3. User Interaction Flow

  1. The user opens the application in their browser.
  2. The user uploads one or more log files. The application immediately processes them, parses timestamps, and displays a merged, time-sorted view of all log entries in a table.
  3. The filenames appear in a dropdown. The user can select a file from this dropdown to manage its specific filters.
  4. When a file is selected, its associated filters are displayed in the "Applied Filters" list.
  5. To filter a log, the user selects the corresponding file, defines a filter (e.g., "Include Text", "Exclude Regex"), and clicks "Add Filter".
  6. The filter is added to the selected file's filter list, and the main log table automatically updates to reflect the change.

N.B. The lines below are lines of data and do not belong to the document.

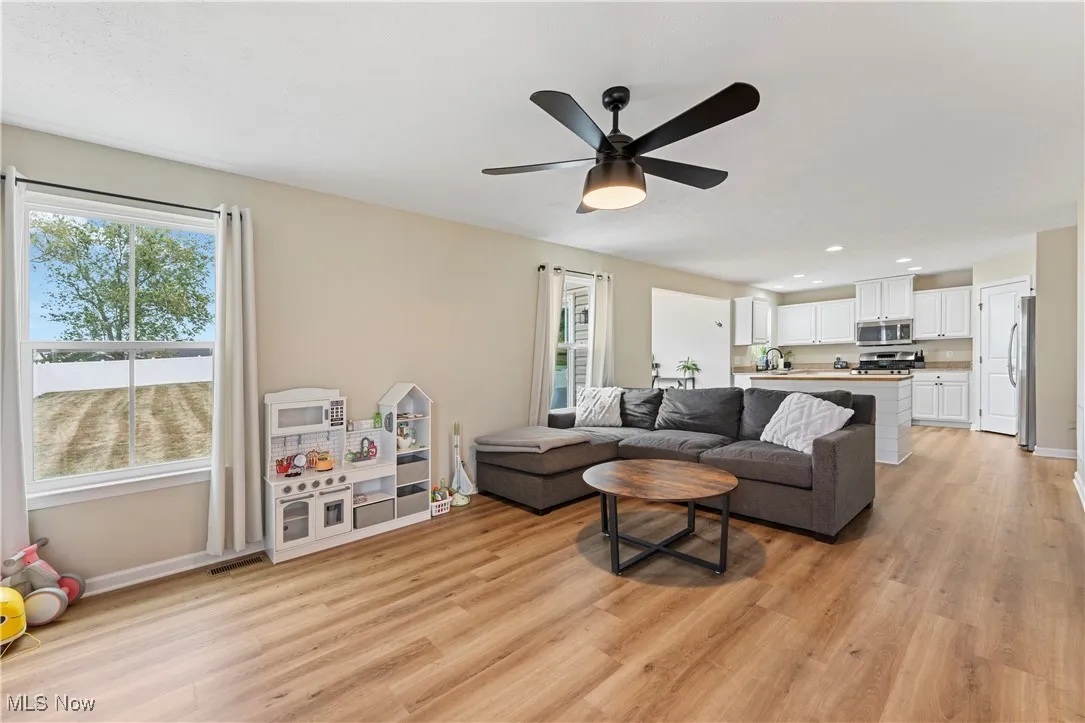 7766 Fiddler Court Circle, Canton, Ohio 44721,MLS Now Listing ID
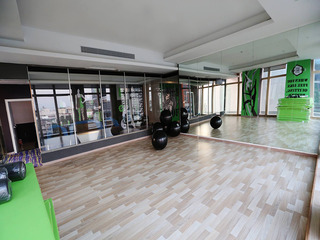 The Bazaar Hotel Bangkok fotoÄŸrafÄ±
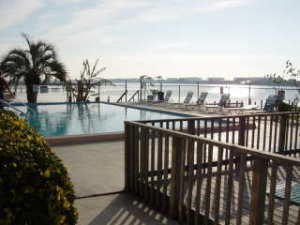 FOUNTAINHEAD CONDO - Residential Lease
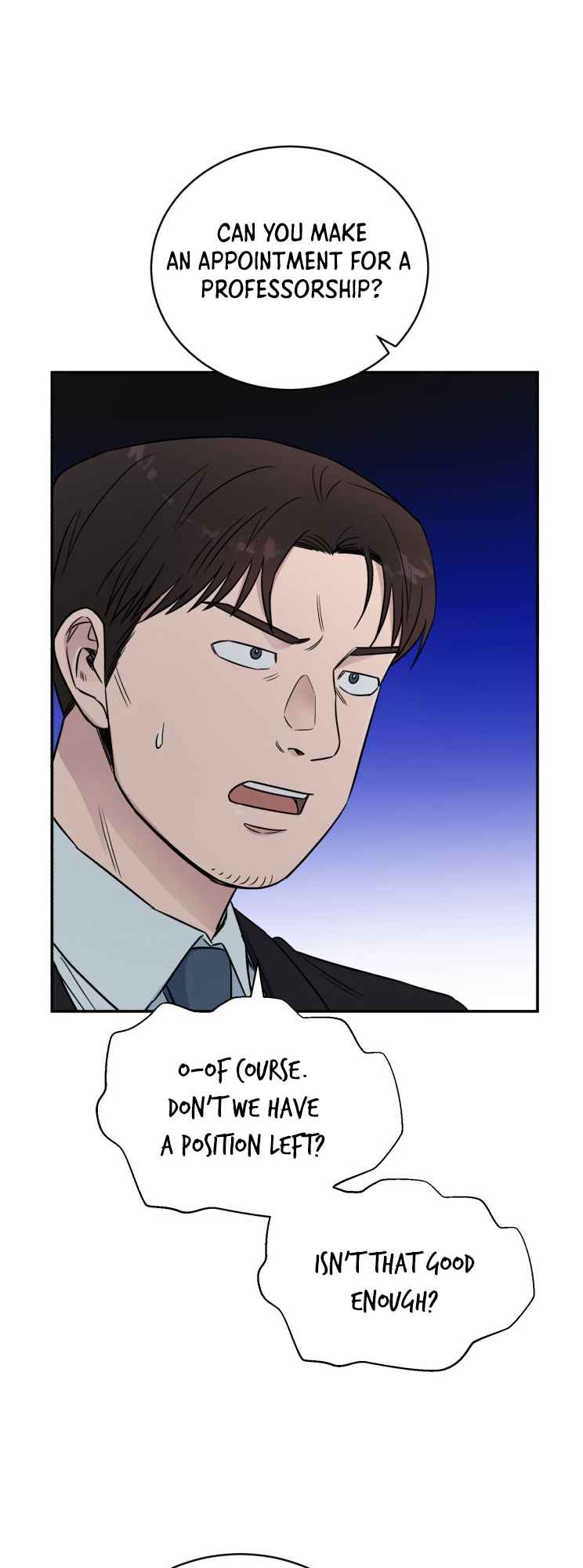 A.I. Doctor chapter 47 - page 38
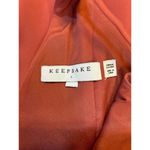 Keepsake  No Secrets Playsuit - Size L Photo 4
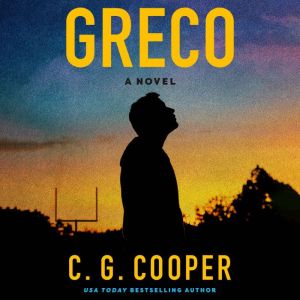 Greco: A Novel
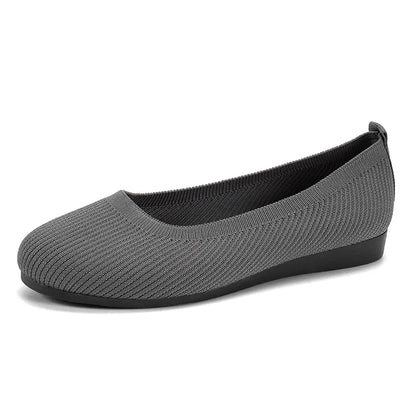Ballerine Nuage® - Les Ballerine Orthopédiques Ultra-Légères et Stylées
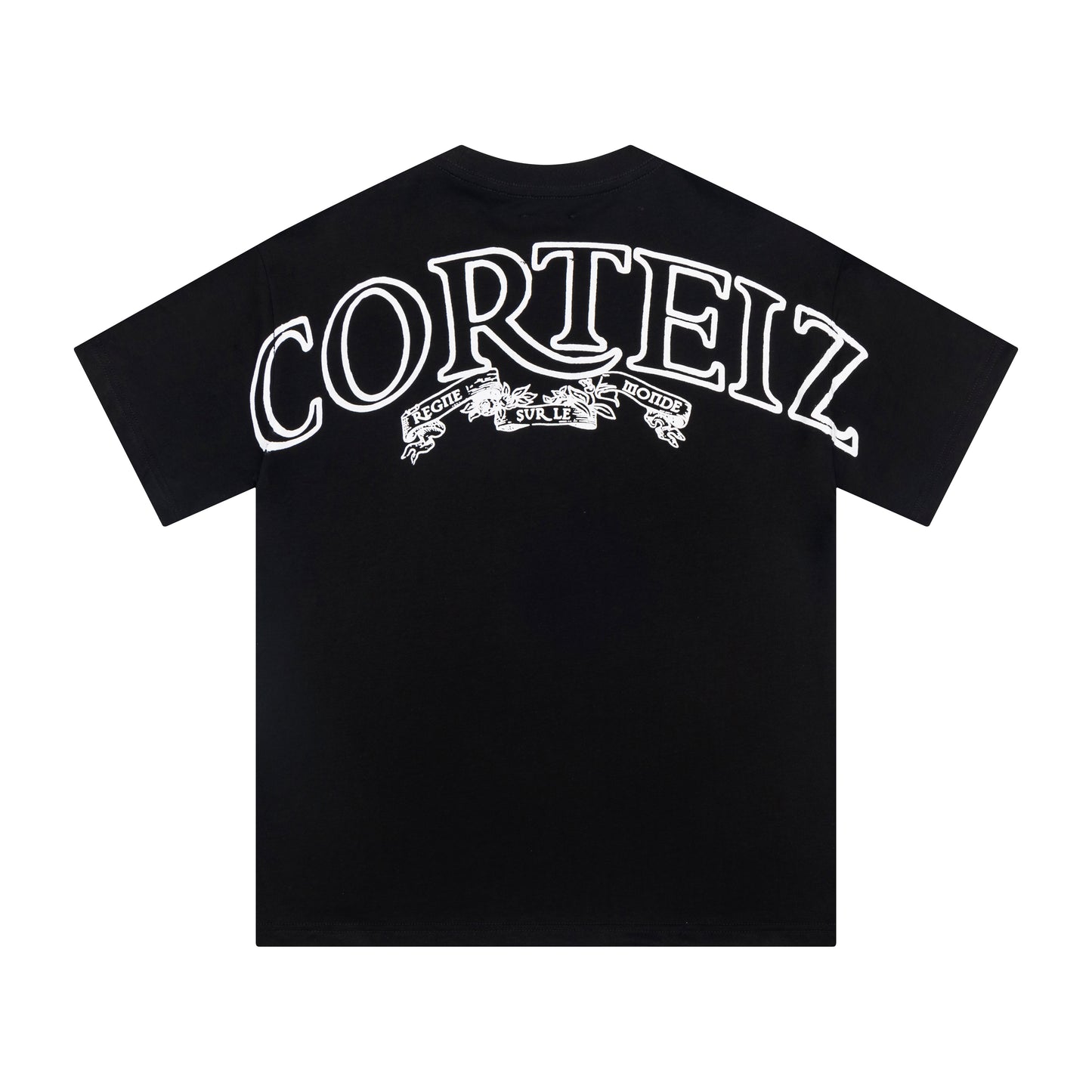 CAMISETA C0RTElZ
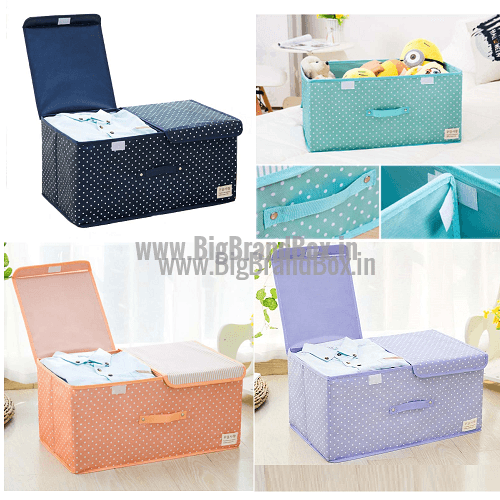 Big Cell Storage Organizer 49*28*25CM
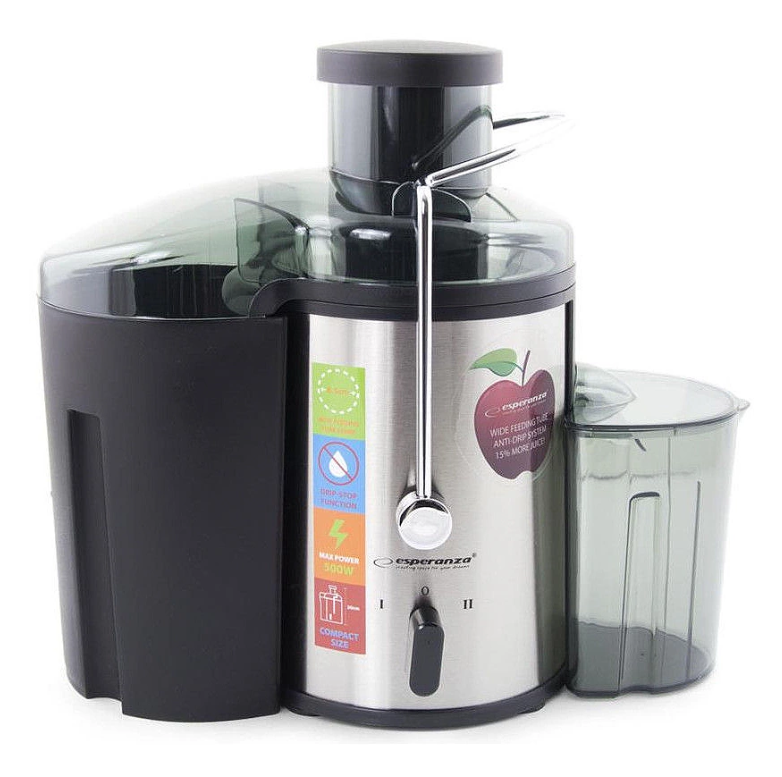 Esperanza CARROT EKJ002 / Silver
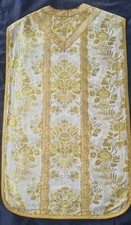 TOP BROKAT MESSGEWAND + VELUM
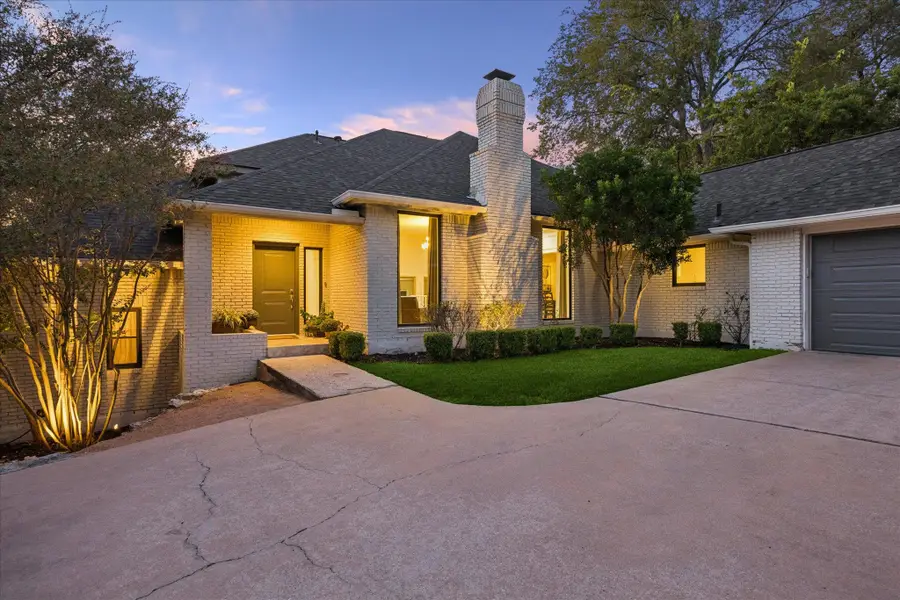6302 Mountain Park Cv, Austin, TX 78731 - #3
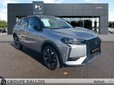 DS DS 3 PureTech 130ch Performance Line + Automatique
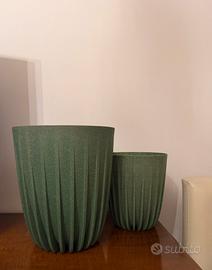 Vaso fiori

  7. The user can add multiple filters to each file. Filters are applied sequentially.
  8. The user can reorder or remove filters for the selected file, and the view will update accordingly.
  9. The user can save the filter set for a selected file to a JSON file for later use.
  10. The user can load a saved filter set and apply it to the selected file.
  11. The user can click the "?" button for help with writing regular expressions.
  12. The user can save the currently displayed merged and filtered log content to a text file at any time.

This design provides a powerful and interactive way to analyze multiple log files simultaneously in a unified, time-ordered view.